My Card is (from ./deviceQuery )
Device 0: “GeForce 9800M GTX”
Major revision number: 1
Minor revision number: 1
Total amount of global memory: 1073414144 bytes
Number of multiprocessors: 14
Number of cores: 112
Total amount of constant memory: 65536 bytes
Total amount of shared memory per block: 16384 bytes
Total number of registers available per block: 8192
Warp size: 32
Maximum number of threads per block: 512
Maximum sizes of each dimension of a block: 512 x 512 x 64
Maximum sizes of each dimension of a grid: 65535 x 65535 x 1
Maximum memory pitch: 262144 bytes
Texture alignment: 256 bytes
Clock rate: 0.55 GHz
Concurrent copy and execution: Yes
As I found out (here in the forum) the device-to-device bandwith should be in the range of about 50GB/s.

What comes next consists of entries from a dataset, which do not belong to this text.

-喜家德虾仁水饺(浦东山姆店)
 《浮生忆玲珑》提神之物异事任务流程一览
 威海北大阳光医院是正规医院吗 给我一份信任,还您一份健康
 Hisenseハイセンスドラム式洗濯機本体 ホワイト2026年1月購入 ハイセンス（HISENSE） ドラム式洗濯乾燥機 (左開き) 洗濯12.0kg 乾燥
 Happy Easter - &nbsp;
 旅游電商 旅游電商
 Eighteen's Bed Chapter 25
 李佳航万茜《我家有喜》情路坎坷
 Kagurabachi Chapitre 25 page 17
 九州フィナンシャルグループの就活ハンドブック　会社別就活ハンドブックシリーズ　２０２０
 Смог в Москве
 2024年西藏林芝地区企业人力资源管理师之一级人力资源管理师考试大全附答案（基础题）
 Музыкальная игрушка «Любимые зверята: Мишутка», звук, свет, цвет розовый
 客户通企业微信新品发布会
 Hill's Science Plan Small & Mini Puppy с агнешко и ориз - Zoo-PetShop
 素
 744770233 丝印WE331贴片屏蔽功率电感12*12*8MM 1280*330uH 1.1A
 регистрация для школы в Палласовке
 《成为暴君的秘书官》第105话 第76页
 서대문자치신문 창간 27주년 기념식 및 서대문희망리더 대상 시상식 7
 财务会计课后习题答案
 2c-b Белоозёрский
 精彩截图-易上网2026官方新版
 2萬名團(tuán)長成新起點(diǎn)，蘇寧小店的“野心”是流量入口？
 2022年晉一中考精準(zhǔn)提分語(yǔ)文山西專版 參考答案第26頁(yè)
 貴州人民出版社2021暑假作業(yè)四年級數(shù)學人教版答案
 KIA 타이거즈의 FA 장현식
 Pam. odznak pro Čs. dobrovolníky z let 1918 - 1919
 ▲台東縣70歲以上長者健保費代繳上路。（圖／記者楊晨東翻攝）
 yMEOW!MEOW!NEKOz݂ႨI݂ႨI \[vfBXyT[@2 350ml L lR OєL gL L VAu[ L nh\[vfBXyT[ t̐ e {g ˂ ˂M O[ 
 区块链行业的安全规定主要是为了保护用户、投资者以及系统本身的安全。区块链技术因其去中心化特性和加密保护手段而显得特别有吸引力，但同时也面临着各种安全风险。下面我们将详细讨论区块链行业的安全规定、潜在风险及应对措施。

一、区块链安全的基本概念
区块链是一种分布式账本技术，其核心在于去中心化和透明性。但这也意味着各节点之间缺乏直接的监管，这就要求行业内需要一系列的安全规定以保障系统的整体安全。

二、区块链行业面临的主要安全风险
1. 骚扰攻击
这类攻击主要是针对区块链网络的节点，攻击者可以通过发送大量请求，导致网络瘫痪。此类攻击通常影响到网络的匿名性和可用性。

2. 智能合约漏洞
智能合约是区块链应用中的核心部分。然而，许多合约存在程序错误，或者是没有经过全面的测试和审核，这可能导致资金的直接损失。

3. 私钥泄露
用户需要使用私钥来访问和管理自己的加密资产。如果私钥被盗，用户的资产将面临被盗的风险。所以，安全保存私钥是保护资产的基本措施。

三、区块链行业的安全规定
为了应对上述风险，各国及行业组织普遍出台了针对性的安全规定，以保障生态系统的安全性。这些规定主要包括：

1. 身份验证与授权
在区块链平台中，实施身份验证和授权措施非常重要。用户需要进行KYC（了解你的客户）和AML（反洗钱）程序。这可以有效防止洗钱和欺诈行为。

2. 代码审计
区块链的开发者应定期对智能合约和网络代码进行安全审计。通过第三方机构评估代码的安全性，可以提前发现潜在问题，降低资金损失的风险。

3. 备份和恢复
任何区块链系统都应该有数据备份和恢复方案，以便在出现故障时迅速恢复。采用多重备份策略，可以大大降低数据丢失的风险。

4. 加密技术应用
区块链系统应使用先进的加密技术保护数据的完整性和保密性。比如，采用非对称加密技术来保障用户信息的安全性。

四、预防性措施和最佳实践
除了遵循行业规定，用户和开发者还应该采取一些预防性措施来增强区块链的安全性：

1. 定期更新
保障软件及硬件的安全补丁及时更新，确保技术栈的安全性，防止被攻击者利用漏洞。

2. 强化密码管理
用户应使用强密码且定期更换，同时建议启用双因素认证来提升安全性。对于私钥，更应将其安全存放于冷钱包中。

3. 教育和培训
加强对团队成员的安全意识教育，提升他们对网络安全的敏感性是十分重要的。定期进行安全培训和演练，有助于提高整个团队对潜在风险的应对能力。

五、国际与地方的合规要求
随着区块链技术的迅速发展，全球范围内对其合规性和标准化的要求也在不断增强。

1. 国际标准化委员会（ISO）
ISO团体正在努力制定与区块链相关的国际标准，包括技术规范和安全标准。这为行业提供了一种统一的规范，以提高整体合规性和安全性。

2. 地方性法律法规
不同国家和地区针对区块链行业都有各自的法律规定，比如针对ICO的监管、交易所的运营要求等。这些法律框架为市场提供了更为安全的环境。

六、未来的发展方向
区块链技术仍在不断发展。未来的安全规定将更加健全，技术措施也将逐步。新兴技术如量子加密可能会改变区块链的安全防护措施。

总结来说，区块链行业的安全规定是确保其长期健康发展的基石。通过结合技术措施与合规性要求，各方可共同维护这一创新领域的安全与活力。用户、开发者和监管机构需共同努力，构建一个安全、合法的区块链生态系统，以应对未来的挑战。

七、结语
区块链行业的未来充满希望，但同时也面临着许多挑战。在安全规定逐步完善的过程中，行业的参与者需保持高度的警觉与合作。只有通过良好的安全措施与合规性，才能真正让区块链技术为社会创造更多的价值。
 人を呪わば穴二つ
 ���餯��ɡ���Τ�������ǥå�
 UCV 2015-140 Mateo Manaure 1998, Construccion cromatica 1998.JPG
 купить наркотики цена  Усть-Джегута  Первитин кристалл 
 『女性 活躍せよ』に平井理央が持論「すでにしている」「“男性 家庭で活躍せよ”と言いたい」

But I get (bandwidthTest):
Host to Device Bandwidth for Pageable memory
Transfer Size (Bytes) Bandwidth(MB/s)
33554432 691.3
Device to Host Bandwidth for Pageable memory
Transfer Size (Bytes) Bandwidth(MB/s)
33554432 965.5
Device to Device Bandwidth
Transfer Size (Bytes) Bandwidth(MB/s)
33554432 15082.6
A device-ot-device bandwidth of just 15GB/s, which is 30% of what it should be !
Also, the host-to-device and device-to-host transfer is really slow !
No, they state that the shader clock should be 1250MHz. Also, the bandwidthTest measures copying from A to B issuing both a read and a write for each operation. Actual bandwidth is therefore twice the reported thruput.